(Crawled caption data)

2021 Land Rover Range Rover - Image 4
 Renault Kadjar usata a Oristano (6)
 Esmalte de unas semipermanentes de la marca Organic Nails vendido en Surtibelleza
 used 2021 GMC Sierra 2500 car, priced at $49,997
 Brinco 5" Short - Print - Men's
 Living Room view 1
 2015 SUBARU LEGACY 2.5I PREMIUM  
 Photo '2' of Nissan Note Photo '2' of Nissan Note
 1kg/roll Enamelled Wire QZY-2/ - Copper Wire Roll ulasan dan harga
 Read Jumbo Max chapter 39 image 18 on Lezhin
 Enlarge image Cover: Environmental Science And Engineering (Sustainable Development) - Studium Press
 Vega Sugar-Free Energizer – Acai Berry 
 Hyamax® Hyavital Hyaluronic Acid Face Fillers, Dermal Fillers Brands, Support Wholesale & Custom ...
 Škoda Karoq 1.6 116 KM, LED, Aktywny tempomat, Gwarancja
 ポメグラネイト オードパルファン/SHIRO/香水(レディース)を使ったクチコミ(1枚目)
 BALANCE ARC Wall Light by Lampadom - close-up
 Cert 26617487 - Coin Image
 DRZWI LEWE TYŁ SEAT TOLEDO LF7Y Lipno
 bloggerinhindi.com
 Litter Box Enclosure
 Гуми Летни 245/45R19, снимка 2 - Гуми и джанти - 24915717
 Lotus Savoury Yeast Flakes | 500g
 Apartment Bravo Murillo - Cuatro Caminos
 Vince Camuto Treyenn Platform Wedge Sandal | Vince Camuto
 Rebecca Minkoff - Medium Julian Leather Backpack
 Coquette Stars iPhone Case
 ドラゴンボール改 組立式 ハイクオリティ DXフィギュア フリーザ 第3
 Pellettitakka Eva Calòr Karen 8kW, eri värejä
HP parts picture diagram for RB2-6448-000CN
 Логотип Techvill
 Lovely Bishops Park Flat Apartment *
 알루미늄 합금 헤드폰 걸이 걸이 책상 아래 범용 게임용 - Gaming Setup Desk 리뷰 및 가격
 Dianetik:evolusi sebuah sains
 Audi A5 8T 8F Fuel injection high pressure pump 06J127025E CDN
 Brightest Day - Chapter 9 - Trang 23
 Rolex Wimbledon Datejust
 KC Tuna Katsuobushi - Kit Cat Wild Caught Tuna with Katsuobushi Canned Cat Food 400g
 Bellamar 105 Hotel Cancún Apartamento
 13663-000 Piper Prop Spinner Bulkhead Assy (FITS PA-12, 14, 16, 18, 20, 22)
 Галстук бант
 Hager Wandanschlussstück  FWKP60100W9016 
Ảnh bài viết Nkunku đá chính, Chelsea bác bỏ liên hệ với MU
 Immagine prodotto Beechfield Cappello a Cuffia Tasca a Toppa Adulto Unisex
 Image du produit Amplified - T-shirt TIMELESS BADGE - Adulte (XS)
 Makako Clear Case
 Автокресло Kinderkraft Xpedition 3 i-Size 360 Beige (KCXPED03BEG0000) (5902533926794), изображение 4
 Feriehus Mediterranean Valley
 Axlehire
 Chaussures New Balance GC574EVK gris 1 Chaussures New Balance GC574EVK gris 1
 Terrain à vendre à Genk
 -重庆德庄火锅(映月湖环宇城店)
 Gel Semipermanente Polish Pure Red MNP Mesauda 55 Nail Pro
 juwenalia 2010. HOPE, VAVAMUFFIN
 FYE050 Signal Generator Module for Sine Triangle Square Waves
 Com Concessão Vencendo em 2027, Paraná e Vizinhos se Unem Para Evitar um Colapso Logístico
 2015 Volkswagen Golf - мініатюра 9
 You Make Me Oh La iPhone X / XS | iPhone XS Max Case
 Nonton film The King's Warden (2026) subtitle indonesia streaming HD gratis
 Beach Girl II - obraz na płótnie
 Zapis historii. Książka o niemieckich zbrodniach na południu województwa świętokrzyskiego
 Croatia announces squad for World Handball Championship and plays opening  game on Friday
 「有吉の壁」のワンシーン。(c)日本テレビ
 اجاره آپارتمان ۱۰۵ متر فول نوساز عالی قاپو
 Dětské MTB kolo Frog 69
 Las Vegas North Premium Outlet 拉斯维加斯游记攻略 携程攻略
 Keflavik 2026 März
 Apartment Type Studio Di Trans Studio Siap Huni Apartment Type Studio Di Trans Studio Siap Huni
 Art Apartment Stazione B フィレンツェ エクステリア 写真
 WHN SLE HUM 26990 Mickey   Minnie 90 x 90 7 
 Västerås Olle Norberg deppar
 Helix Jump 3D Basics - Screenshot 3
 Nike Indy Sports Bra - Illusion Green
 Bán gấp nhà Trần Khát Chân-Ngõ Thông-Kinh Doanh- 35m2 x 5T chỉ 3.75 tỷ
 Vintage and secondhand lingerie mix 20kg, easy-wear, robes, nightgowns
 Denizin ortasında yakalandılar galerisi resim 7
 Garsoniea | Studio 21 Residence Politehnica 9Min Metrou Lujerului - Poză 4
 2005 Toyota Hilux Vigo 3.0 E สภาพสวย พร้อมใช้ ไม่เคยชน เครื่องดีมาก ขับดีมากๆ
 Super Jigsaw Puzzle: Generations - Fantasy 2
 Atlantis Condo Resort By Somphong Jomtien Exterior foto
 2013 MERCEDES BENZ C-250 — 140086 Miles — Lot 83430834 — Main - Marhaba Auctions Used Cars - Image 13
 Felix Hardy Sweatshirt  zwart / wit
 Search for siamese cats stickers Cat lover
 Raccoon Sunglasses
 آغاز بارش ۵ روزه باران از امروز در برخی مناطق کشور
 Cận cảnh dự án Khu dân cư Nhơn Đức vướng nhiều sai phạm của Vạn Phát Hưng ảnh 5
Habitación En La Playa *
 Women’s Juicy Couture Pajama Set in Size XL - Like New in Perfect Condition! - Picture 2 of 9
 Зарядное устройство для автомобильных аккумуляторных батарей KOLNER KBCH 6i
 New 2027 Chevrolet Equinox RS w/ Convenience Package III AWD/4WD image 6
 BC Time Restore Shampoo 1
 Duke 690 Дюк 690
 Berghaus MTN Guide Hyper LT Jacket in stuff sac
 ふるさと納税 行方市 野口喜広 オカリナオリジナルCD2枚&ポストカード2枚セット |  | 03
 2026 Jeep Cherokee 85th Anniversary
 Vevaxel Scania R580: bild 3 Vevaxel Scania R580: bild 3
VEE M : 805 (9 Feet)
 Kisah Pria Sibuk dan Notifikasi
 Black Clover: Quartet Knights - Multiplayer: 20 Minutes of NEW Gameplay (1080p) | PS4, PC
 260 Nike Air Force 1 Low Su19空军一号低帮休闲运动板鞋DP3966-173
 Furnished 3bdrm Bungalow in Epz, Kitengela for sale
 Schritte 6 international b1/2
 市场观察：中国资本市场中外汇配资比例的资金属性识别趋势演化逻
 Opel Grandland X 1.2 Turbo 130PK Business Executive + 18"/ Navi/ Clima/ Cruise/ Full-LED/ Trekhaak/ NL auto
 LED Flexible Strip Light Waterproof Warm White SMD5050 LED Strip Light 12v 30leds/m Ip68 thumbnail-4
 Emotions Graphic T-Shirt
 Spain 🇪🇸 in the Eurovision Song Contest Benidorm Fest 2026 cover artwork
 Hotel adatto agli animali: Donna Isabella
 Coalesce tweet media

EXERCISE OBJECTIVE. The lines to return are those in the entries above that hold "Apartment".

TASK RESULT.
 Apartment Bravo Murillo - Cuatro Caminos
 Lovely Bishops Park Flat Apartment *
 Apartment Type Studio Di Trans Studio Siap Huni Apartment Type Studio Di Trans Studio Siap Huni
 Art Apartment Stazione B フィレンツェ エクステリア 写真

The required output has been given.